Lime pie has just been begging for some juicy berries. Why is this not the norm?! Let’s change that, okay? And you may have noticed I’m having a moment with edible flowers… I’m a believer in creating art whenever the mood strikes you. Side note – adult coloring books. It’s a thing and it’s about darn time. Friends, art is good for you. Make time for it. This key lime pie is also good for you. Like anything though, moderation.
The first time I made this pie I went back and forth about whether to blend the blackberries in or use them to decorate the top in a mandala like fashion. As I was concerned the color wouldn’t be as brilliant as I would hope, I went with the later. But I just had to try blending them, so I made this vegan key lime pie again the next day, and I’m so glad I did…
All the ingredients get whirled together in a food processor or high powered blender. Easy! If you’re making the swirly variation, pour 3/4 of the green mixture into the crust and then blend in the blackberries to the remaining mixture. Then get swirly whirly with a knife and voilà!
Hello you sexy lime pie!
This vegan key lime pie is best served partially frozen, kind of like an ice cream pie. I recommend keeping it in the freezer and taking a slice out 10 minutes before serving.
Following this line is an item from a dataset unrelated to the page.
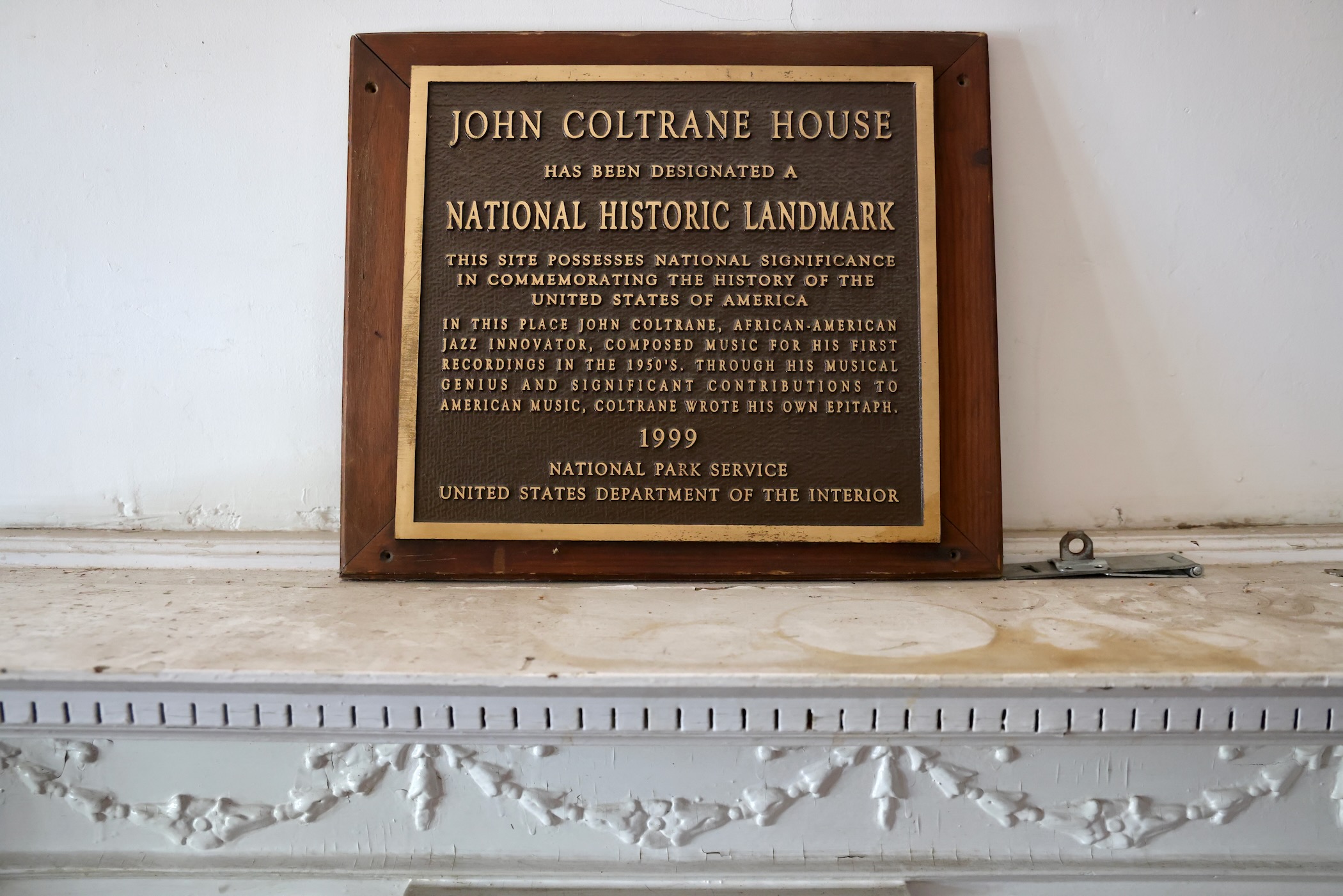 a plaque reads JOHN COLTRANE HOUSE HAS BEEN DESIGNATED A NATIONAL HISTORIC LANDMARK THIS SITE POSSESSES NATIONAL SIGNIFICANCE IN COMMEMORATING THE HISTORY OF THE UNITED STATES OF AMERICA IN THIS PLACE JOHN COLTRANE, AFRICAN-AMERICAN JAZZ INNOVATOR, COMPOSED MUSIC FOR HIS FIRST RECORDINGS IN THE 1950'S. THROUGH HIS MUSICAL GENIUS AND SIGNIFICANT CONTRIBUTIONS TO AMERICAN MUSIC, COLTRANE WROTE HIS OWN EPITAPH. 1999 NATIONAL PARK SERVICE UNITED STATES DEPARTMENT OF THE INTERIOR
Another great thing about this crazy delicious key lime pie is that you can make it in advance and grab a slice whenever you need a sweet treat.
Vegan Key Lime Pie
- 1 3/4 cups graham cracker crumbs (12 graham crackers), gf if needed*
- 1/2 cup melted Organic Earth Balance (or favorite butter alternative)
- 1 1/4 cups raw cashews, soaked in water overnight (or 3 hours with boiling water poured over), drained
- 1 large avocado, peeled and pitted
- 2 tablespoons melted coconut oil
- 2 tablespoons lime zest
- 1 cup fresh lime juice (I prefer sweeter Persian limes)
- 1/2 cup honey*, coconut syrup or agave syrup
- 1/2 cup unsweetened coconut or almond milk
- 1 cup blackberries
- Preheat the oven to 350 degrees F. Stir together the graham cracker crumbs and melted Earth Balance. Press firmly into the bottom of a 9-inch springform pan. Bake for 10 minutes. Cool completely.
- Place drained cashews, avocado, coconut oil, lime zest and juice, sweetener, and milk into the bowl of a food processor or blender. Blend until completely smooth. Taste and add more sweetener to sweeten, and/or more lime juice, to reach desired tart/sweetness. I like this quite tart, so I add a few more squeezes of lime.
- If you are making the blackberry swirl, pour 3/4 of the lime filling into the crust and smooth with a spatula. Add the blackberries to the blender and puree until very smooth. Place dollops of the blackberry mixture on top of the green mixture and swirl in. If your swirls aren’t going well you can just smooth the blackberry layer on top. If you are decorating with blackberries instead of swirling, pour the entire batch of lime filling into the crust and smooth. Press blackberries into the top in any design you like.
- Cover with plastic wrap and freeze overnight or at least 4 hours until firm.
- To remove from springform pan, run the sides under warm water and release. Slice into wedges. Remove from freezer to thaw 10 minutes before serving.
*Most graham crackers are not vegan, as they contain honey. You can find them in some stores, make your own, or use a date and nut based crust if you would like this to be 100% vegan. Nabisco original grahams are vegan, according to PETA.